[What the task asks]
Would you write out the entries below word for word, omitting the pictures?

[Records provided]
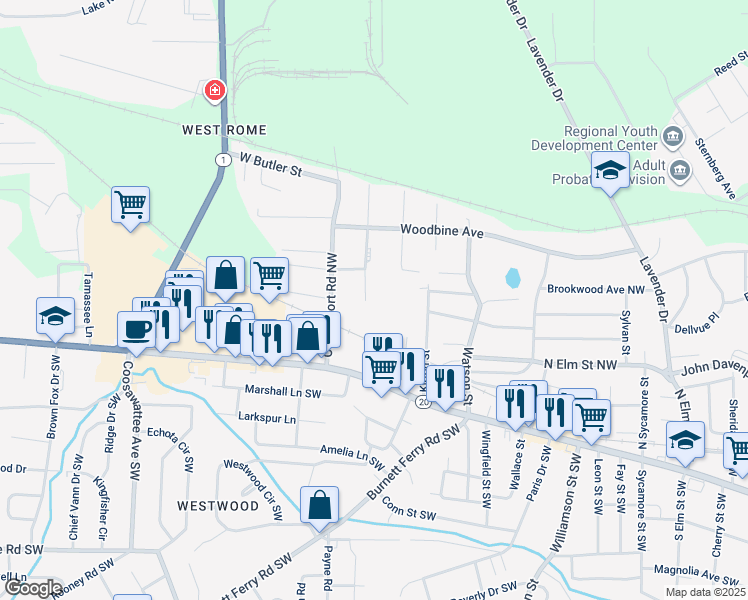 map of restaurants, bars, coffee shops, grocery stores, and more near 34 Ohio Drive Northwest in Rome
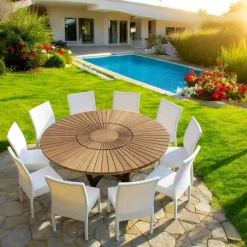 Tavolo tondo in teak e massello Real Table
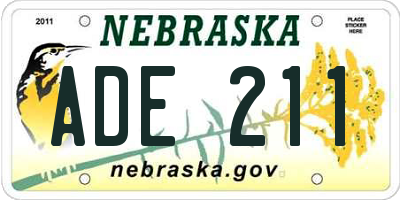 NE license plate ADE211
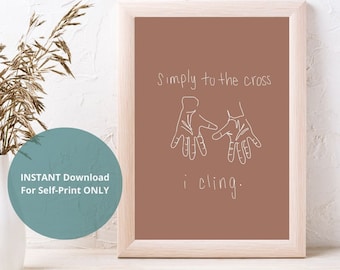 Hymn Wall Art, Rock of Ages, Gospel Song, Bible Verse Printable, Modern Scripture Art, Christian Gift, Inspirational Christianity, Download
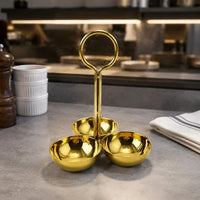 Circular Handle Serving Dish Polished Metal Condiment Tray Set Elegant Design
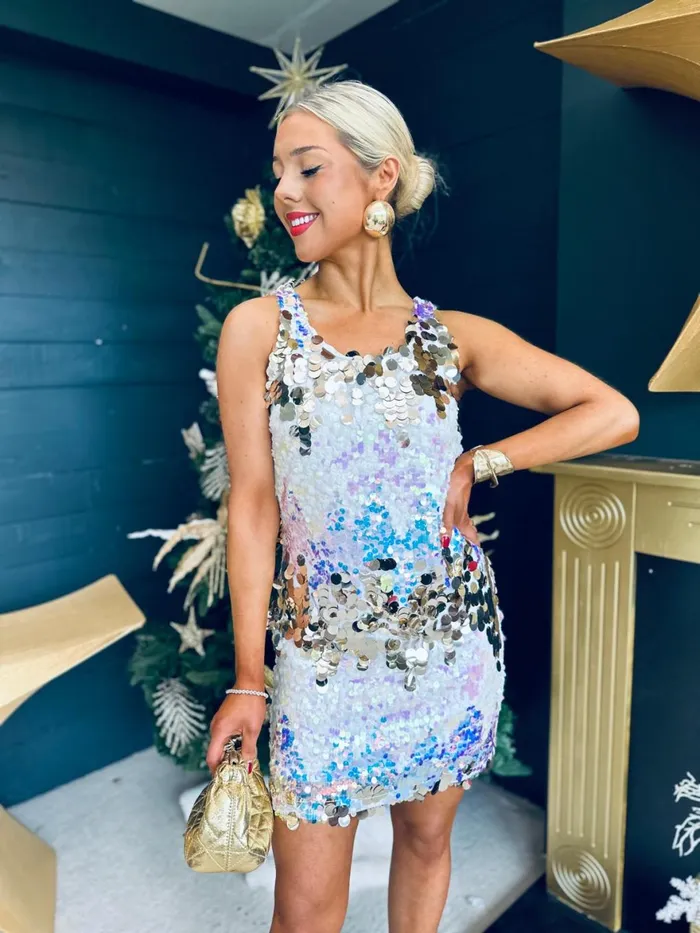 Women Day Dress Canella Lane Abi Large Sequin Detail Mini Dress White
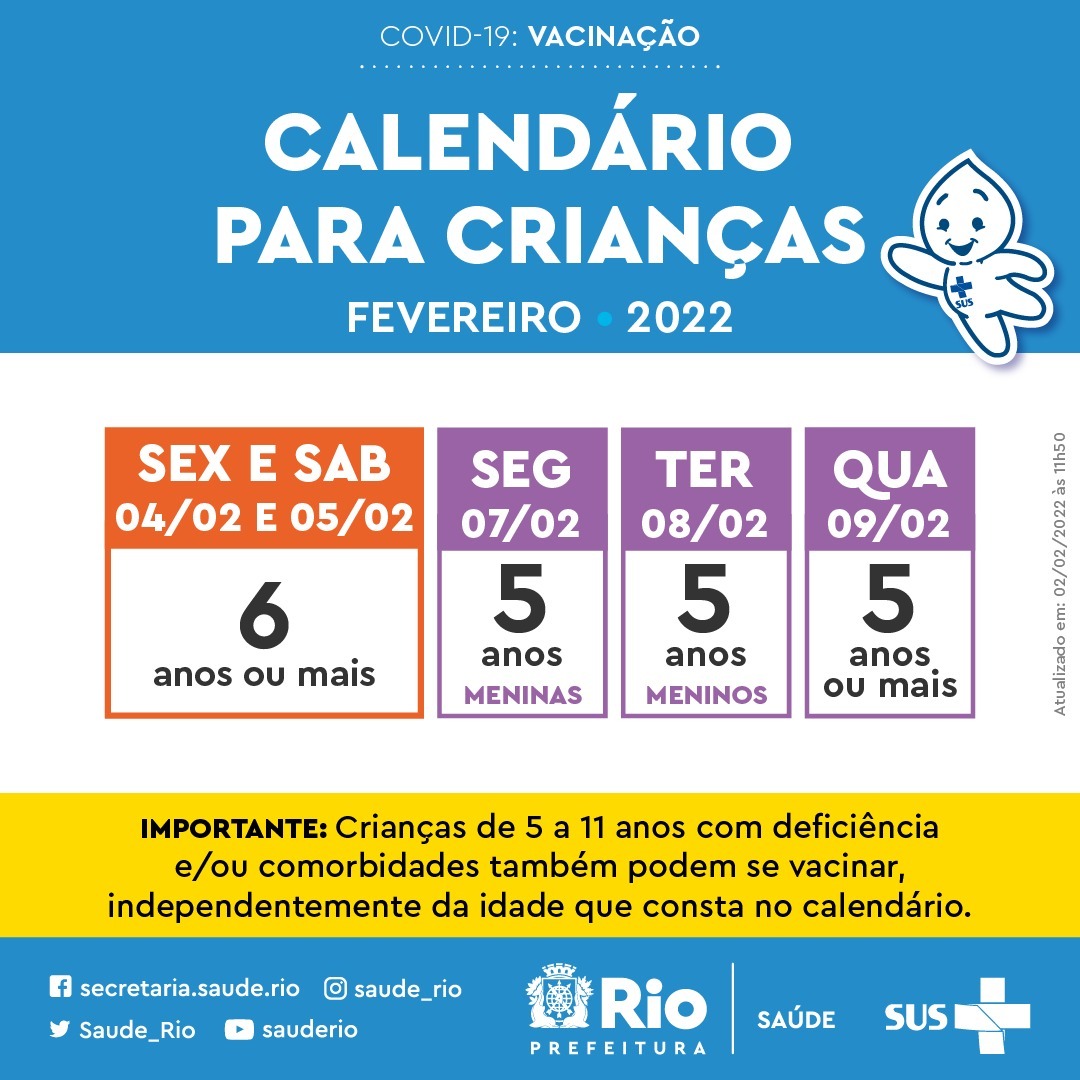 calendário de vacinação contra a covid-19 para crianças prefeitura do rio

[Answer to this exercise]
 map of restaurants, bars, coffee shops, grocery stores, and more near 34 Ohio Drive Northwest in Rome
 Tavolo tondo in teak e massello Real Table
 NE license plate ADE211
 Hymn Wall Art, Rock of Ages, Gospel Song, Bible Verse Printable, Modern Scripture Art, Christian Gift, Inspirational Christianity, Download
 Circular Handle Serving Dish Polished Metal Condiment Tray Set Elegant Design
 Women Day Dress Canella Lane Abi Large Sequin Detail Mini Dress White
 calendário de vacinação contra a covid-19 para crianças prefeitura do rio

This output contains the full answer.